UPDATE: Jan. 5 at 2:15 pm EST by Ethan Norof
The Lakers and Cavs continue to dance around the idea of a deal, but there is still a significant gap to close between the two sides for a trade to be consummated.
Per Adrian Wojnarowski of Yahoo! Sports:
--End of update--
UPDATE: Jan. 4 at 11:50 pm EST by Adam Fromal
Let's not give up on this deal too quickly.
According to a report from ESPN's Brian Windhorst and Ramona Shelburne, the Los Angeles Lakers and Cleveland Cavaliers have re-engaged in discussions about sending Andrew Bynum to the West Coast and Pau Gasol back East.
The deadline for a deal is looming in the not-so-distant horizon, per the two reporters: "The Cavaliers want to execute a trade by Sunday so it can be completed ahead of Tuesday's deadline for Bynum's contract to become fully guaranteed, sources said. Trades need 48 hours to be finalized so players can have physicals."
Despite the Lakers' initial hesitance to pull the trigger without more assets coming from Cleveland, it appears we're back on track. That said, there's still no indication whether it's Cleveland or L.A. that is being forced to cave on that issue.
With a Sunday deadline, there's no doubt we'll have a resolution soon.
--End of update--
A match made in heaven is receiving some serious interference, as the Pau Gasol-Andrew Bynum trade talks between the Los Angeles Lakers and Cleveland Cavaliers are grinding to a halt.
In theory, this swap makes perfect sense.
The Cavs are able to land a big-name center/power forward who can help push them over the top, getting them back into the playoff picture in the weakening-by-the-day Eastern Conference. And if Gasol doesn't work out in a Cleveland uniform, he's only on the books through the end of the 2013-14 season.
By acquiring Bynum, the Lakers have the ability to waive the big man, freeing themselves of his non-guaranteed contract and dropping below the luxury-tax threshold. It's a move that would both allow them to save upwards of $20 million this season and go into the tax without drawing the dreaded repeater's tax next year.
However, ESPN's Brian Windhorst and Ramona Shelburne report that problems are popping up:
The major issue, sources said, involves the Lakers' desire to get an additional asset from the Cavs beyond Bynum's team-friendly contract, which could save the Lakers more than $20 million in salary and luxury taxes. The Lakers are interested in also getting a young prospect or first-round draft pick as part of the deal. The Cavs have been reluctant to part with either.

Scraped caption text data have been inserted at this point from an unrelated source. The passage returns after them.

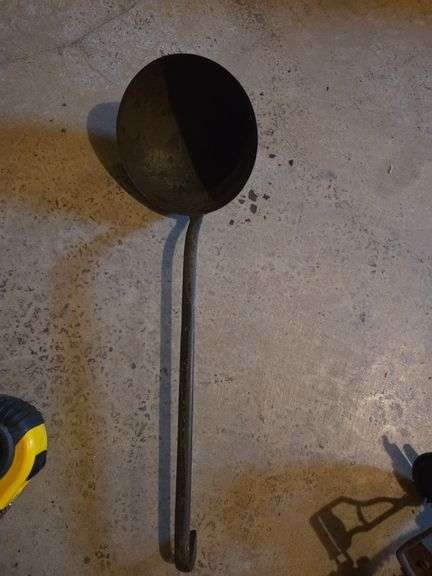 Large ladle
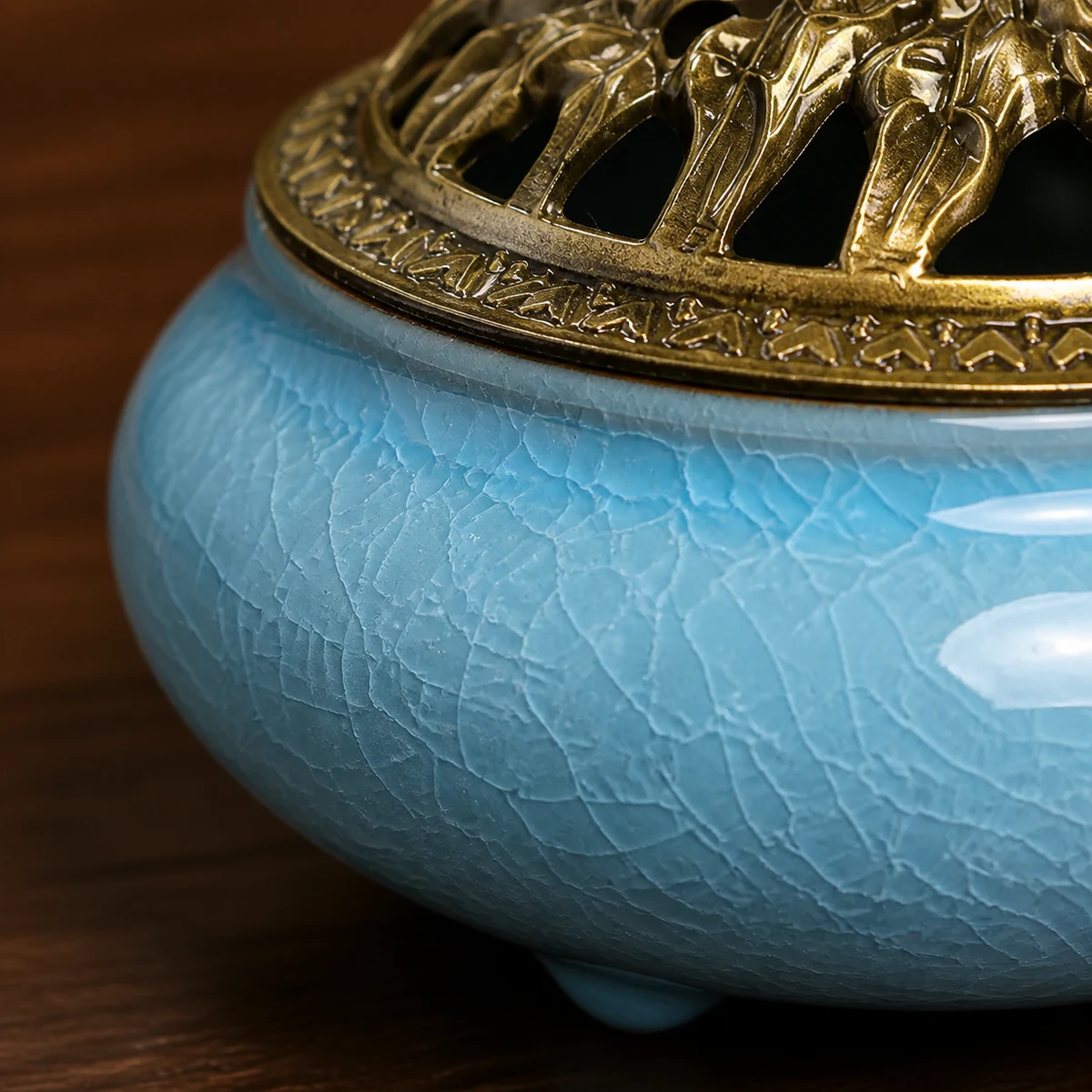 Crackle Glaze Ceramic Incense Burner - Glaze and Lid Detail
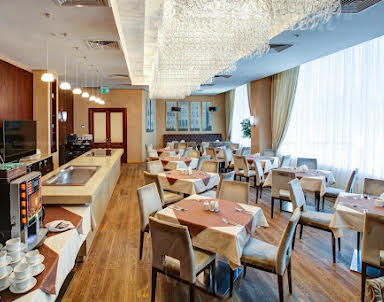  ресторан РАЙКИН PLAZA HOTEL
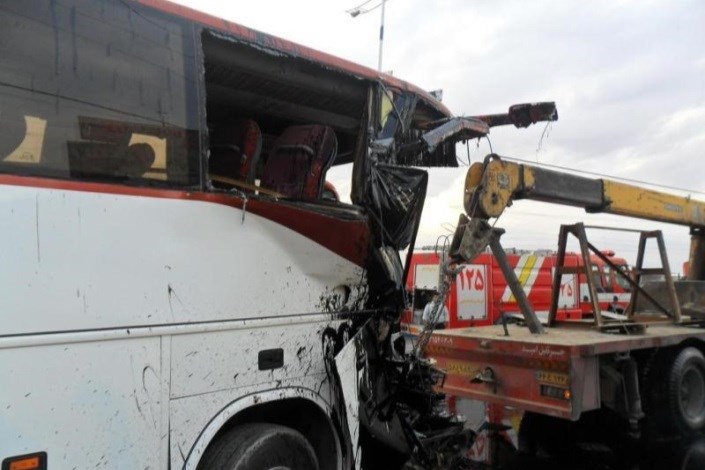 یک کشته و 8 مجروح در برخورد اتوبوس با تیر برق
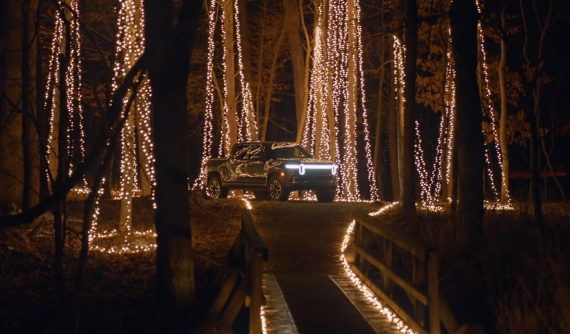 Xe bán tải điện Rivian R1T thể hiện năng lực bằng cách thắp sáng 20.000 bóng đèn Giáng Sinh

It's understandable from Cleveland's perspective.
Gasol has not been at his best this season—15.1 points, 9.2 rebounds and 3.1 assists per game on 44.3 percent shooting—and there's no guarantee he actually helps out his potential new team before leaving in free agency next summer. It's not like the Cavs are making a rental that turns a championship dream into a realistic goal, so why give up another asset?
It's less understandable from the Lakers' perspective.
Not only are they essentially gaining an asset by weakening their team and making it easier to tank without really tanking, but they're cutting costs and opening up the possibility for future expenditures. As B/R's Dan Favale wrote, they need to "surrender to reality," and trading Gasol lets them do so.
That's why if anyone is going to cave during these negotiations, it'll be the L.A.-based franchise.
Regardless, this deal isn't going as smoothly as it should.